Getting the most out of the Numerics.NET Random API

This guide discusses the Random API introduced in Numerics.NET version 10.3 for performance-focused users. It assumes you care about hot loops, predictable overhead, and writing code the JIT can specialize. The theme is simple: Numerics.NET Random is layered so high performance is the default path, not an optional mode you have to “opt into”.

How the stack is built (and why it is fast)

Numerics.NET Random is organized into layers that separate algorithm mechanics from policy and user-facing behavior, while preserving a zero-overhead path for hot loops.

  • Layer 1: Engines (Numerics.NET.Random.Engines) Pure algorithm cores as struct state: a transition plus an output mapping. Engines implement specific algorithms for random number generation, like Xoshiro256** or pcg64. Engines support state persistence and are seeded via a SeedSequence.

  • Layer 2: Core generators (Numerics.NET.Random.Generators) Minimal struct state machines that present Layer 1 engine functionality through a canonical primitive interface (NextUInt32, NextUInt64, NextBytes), adding the small bits of machinery needed for efficient consumption by Layer 3 (caching, cursor/indexing for block engines).

  • Layer 3: Algorithm classes (Numerics.NET.Random) User-facing RNG types like Pcg64, Xoshiro256StarStar, Philox4x64. These apply policy (SeedProfile, stream separation rules, compatibility behaviors) and expose typed access to the underlying generator so code can extract a reference to the generator once and run specialized instances of loops.

  • Layer 4: Adapters (Numerics.NET.Random.Adapters) System.Random interop in both directions, plus recovery of the original Numerics.NET RNG when a System.Random instance is actually a wrapper.

The intended fast path is: construct a Layer 3 RNG, extract the Layer 2 generator once, then run your hot loop on the (reference to the) generator state. That is what allows the JIT to inline state transitions and avoid per-sample interface dispatch.

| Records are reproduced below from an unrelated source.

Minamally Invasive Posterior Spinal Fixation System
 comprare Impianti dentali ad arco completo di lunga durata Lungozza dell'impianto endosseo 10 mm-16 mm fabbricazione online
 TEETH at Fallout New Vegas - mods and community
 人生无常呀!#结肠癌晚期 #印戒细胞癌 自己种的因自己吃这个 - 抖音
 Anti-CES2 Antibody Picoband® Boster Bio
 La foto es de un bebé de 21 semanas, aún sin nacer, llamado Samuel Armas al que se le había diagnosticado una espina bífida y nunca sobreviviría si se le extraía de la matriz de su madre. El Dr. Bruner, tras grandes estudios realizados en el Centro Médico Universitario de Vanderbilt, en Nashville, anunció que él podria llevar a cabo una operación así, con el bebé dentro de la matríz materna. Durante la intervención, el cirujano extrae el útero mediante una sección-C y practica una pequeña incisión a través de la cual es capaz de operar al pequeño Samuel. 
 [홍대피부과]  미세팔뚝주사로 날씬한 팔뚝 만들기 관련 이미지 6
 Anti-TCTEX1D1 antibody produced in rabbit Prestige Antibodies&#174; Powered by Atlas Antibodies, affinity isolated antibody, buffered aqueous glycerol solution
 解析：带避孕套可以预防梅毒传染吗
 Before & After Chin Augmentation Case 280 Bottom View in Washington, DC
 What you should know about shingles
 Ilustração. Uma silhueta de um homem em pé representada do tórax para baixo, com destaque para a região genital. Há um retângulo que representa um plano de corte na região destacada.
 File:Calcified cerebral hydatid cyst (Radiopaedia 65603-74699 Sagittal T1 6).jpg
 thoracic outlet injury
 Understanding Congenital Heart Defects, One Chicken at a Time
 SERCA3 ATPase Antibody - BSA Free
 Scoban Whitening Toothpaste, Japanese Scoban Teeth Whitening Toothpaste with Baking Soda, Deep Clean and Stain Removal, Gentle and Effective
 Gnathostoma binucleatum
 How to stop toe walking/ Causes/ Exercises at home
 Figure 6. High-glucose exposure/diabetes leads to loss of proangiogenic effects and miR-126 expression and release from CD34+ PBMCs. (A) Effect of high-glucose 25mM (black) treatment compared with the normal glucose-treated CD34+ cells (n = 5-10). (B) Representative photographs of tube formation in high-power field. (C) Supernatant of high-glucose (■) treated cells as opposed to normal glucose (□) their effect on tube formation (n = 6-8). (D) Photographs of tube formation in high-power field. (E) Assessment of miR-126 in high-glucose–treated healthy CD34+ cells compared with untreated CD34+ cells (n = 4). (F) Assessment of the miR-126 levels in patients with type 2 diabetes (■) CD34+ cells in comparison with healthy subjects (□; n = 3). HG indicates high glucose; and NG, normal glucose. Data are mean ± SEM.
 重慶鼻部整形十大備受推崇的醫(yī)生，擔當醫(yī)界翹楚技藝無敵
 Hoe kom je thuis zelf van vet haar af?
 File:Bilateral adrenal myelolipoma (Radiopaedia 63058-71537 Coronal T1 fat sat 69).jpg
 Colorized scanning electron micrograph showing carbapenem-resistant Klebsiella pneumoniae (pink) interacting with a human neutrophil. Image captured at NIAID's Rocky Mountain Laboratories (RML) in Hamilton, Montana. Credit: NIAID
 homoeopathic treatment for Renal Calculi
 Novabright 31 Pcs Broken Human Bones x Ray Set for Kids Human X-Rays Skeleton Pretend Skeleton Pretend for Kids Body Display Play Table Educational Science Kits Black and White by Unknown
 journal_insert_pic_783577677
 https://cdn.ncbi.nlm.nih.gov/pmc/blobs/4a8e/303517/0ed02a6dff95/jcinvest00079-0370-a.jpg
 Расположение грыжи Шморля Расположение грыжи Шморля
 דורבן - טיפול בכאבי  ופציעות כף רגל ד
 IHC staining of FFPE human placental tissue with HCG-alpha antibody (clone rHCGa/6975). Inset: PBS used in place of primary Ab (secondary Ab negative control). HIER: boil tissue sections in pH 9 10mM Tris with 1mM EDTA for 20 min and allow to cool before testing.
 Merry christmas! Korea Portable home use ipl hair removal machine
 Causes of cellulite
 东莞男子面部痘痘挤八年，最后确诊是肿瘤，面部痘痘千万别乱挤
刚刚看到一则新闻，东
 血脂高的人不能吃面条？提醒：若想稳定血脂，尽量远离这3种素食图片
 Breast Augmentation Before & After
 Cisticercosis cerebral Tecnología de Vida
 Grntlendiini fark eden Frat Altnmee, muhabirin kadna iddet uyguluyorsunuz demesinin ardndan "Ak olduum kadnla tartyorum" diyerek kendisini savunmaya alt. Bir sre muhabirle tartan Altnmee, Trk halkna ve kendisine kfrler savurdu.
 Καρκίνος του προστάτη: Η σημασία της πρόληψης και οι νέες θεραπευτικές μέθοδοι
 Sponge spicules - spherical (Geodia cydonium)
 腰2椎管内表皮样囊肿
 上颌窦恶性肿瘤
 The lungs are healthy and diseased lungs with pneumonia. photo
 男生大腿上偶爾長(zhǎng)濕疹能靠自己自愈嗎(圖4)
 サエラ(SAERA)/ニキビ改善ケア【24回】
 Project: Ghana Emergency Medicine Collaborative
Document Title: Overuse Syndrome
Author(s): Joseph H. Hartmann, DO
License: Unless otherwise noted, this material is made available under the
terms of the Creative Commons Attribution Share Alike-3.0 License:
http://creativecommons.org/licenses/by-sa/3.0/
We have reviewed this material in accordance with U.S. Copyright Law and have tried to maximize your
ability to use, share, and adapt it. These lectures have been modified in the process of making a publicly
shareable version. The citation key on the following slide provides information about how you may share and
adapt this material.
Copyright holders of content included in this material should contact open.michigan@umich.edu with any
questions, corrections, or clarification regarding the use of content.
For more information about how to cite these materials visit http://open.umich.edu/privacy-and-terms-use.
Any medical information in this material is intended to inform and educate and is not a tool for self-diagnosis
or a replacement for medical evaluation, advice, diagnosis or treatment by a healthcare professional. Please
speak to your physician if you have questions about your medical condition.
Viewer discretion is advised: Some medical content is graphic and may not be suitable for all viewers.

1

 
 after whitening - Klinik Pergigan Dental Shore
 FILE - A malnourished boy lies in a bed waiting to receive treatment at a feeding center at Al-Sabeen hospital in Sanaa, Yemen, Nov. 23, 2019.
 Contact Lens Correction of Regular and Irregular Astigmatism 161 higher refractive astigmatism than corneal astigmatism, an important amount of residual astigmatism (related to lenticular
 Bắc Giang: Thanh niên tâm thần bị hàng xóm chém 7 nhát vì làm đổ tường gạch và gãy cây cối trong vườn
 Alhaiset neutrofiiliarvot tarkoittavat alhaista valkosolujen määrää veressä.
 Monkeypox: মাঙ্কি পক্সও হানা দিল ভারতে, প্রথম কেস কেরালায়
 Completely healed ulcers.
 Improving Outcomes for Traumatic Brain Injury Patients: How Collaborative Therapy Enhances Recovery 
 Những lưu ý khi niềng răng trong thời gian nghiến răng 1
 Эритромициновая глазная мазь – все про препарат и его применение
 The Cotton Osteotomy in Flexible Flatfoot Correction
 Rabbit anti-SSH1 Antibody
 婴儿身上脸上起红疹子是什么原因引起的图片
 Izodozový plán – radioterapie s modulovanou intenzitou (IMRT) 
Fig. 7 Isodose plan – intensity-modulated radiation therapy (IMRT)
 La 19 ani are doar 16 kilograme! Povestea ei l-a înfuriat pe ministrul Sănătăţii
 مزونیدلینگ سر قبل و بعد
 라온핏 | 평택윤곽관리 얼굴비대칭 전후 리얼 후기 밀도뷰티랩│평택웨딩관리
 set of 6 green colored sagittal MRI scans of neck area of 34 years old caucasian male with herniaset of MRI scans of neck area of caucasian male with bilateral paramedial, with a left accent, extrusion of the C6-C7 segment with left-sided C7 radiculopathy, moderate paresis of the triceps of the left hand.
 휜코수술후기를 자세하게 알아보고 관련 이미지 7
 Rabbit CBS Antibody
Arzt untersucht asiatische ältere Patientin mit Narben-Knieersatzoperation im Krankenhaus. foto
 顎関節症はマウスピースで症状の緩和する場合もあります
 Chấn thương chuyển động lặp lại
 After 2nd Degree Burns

Seeding is a one-time initialization cost. In any workload that draws large volumes of random numbers, spending a few extra cycles up front to robustly initialize generator state is typically negligible compared to the cost of the simulation itself, and it is often a good trade for statistical safety.

Aim for the specialized fast path

The fastest path is the one where the compiler sees the exact engine type and can inline it into your code. In practice, that means using Numerics.NET RNG classes directly in sampling-heavy code, or writing kernels that accept constrained generics and ref generator structs.

C#
using Numerics.NET.Random;

var rng = new Pcg64(42);

// Prefer APIs that can specialize on concrete types
NormalDistribution.SampleInto(rng, values);

If you start from System.Random or stay on an interface path per sample, you will usually pay extra overhead that adds up quickly.

Prefer bulk generation over per-sample calls

Bulk APIs reduce overhead and give Numerics.NET a chance to keep loops tight and predictable. They are also the shape most likely to benefit from future SIMD optimizations.

Good:

C#
ContinuousUniformDistribution.SampleInto(rng, values, 0.0, 1.0);
NormalDistribution.SampleInto(rng, values);

Less good:

C#
for (int i = 0; i < values.Length; i++)
    values[i] = rng.NextDouble();

Writing your own kernels: always pass generator structs by ref

If you are implementing performance-critical routines, follow the Numerics.NET kernel style. Hot-path algorithms should accept Layer 2 references to generator structs, constrained to the primitive generator interface.

C#
using Numerics.NET.Random.Generators;

public static void MyKernel<TGenerator>(ref TGenerator generator, Span<ulong> dst)
    where TGenerator : struct, IRandomGenerator
{
    for (int i = 0; i < dst.Length; i++)
        dst[i] = generator.NextUInt64();
}

Why this constraint is the “magic”

With the where TGenerator : struct, IRandomGenerator type constraint, the JIT compiler can monomorphize the generic method. It generates a specialized version of MyKernel for each concrete generator type you use (one for the generator behind Pcg64, another for the generator behind Xoshiro256StarStar, and so on). That is what enables inlining of NextUInt64() and the engine step, and it removes per-sample interface or virtual dispatch from your inner loop.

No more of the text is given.